A couple of minutes the last boat started down, which included the couple I was leery about, and a couple of people stopped paddling and just like that all but one of the people in the boat were swimming 95% of the class V rapids including the drop. The couple in their yellow helmets went down together, the guy in the boat fell out at the drop and managed to stay with the boat along with one other of this crew while the last person from the three man crew took the mixer down getting a concussion for his troubles. Once they were clear of the drop our crew got to learn some swift water rescue techniques.
The first boat made its way out and grabbed the man who ended up with the concussion and the woman of the couple, while the male portion of couple was picked up by the safety boat. We paddled over to the two hanging on to their boats. Thankfully I had switched sides with Lauren and was seated behind John who wasn't paddling and wasn't able to decide who to get in the boat first.
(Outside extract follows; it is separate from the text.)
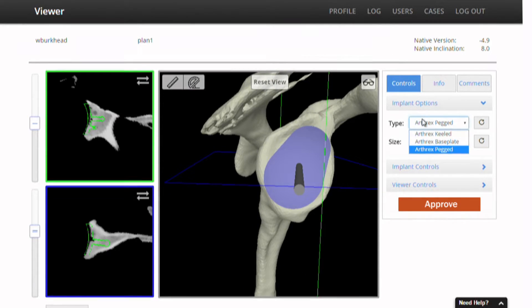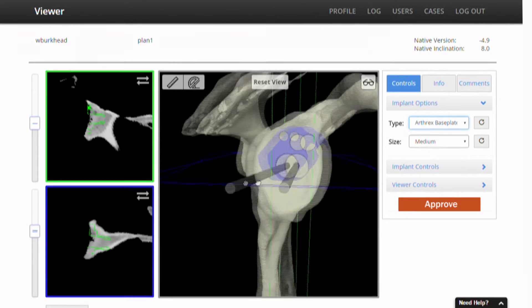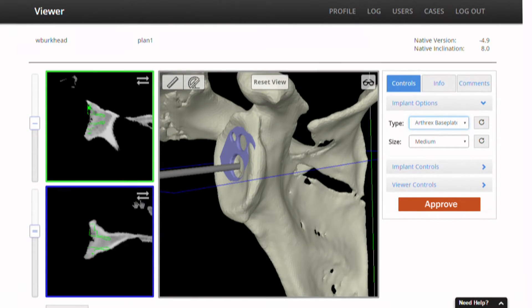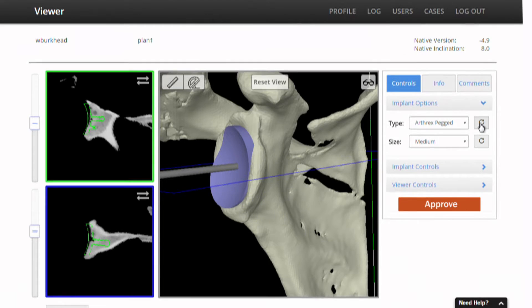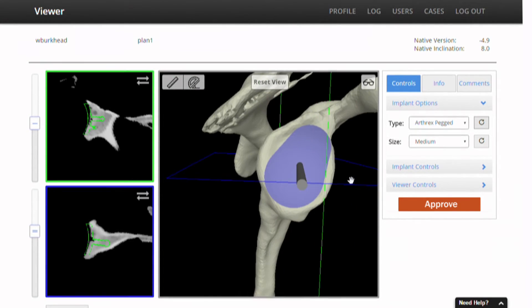These are pretty much real-time changes that you're seeing. If you're doing a reverse, this is what a reverse component would look like — obviously you would put it in a very different position. So let's go back to the planned component, which is a pegged glenoid component, and I agree with the planners that a medium is the right size.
I told him to paddle and I pulled in the swimmers, one of which who had hit a rock and has a bloody lip but was no worse for the wear. Our now crowded boat navigated the rest of the rapids until it could eddy out again, where we waited for the guide of the empty boat who had made is to the river bank suspiciously quick.
A guide who was on our trip learning the river was able to jump in the empty boat and guide it to safety near our boat. The safety boat with the guide and male half of the couple joined us leaving us with the guy in our boat and after a brief discussion, the guides decided the best thing to do was keep everyone where they were and navigate the last rapid before lunch and reload the now empty boat there which left our boat with eight people plus the guide to navigate the last rapids.
The crowded space didn't leave much room to paddle, and as we started down the rapids bumping ensued and Lauren was thrown for her swim. We were able to get her back in the boat and headed for the beach and lunch. After lunch we made one more stop to drop off the guy with the concussion to be driven back to our meeting/take out point, and the rest of the trip passed without incident.
As we neared our take out point an ambulance made its way across the bridge above us and was working on the man with the concussion when we arrived and he was transported to the hospital as a precaution. The moral of the story? Only raft if you have enough people to fill the boat and you trust doing what they are told!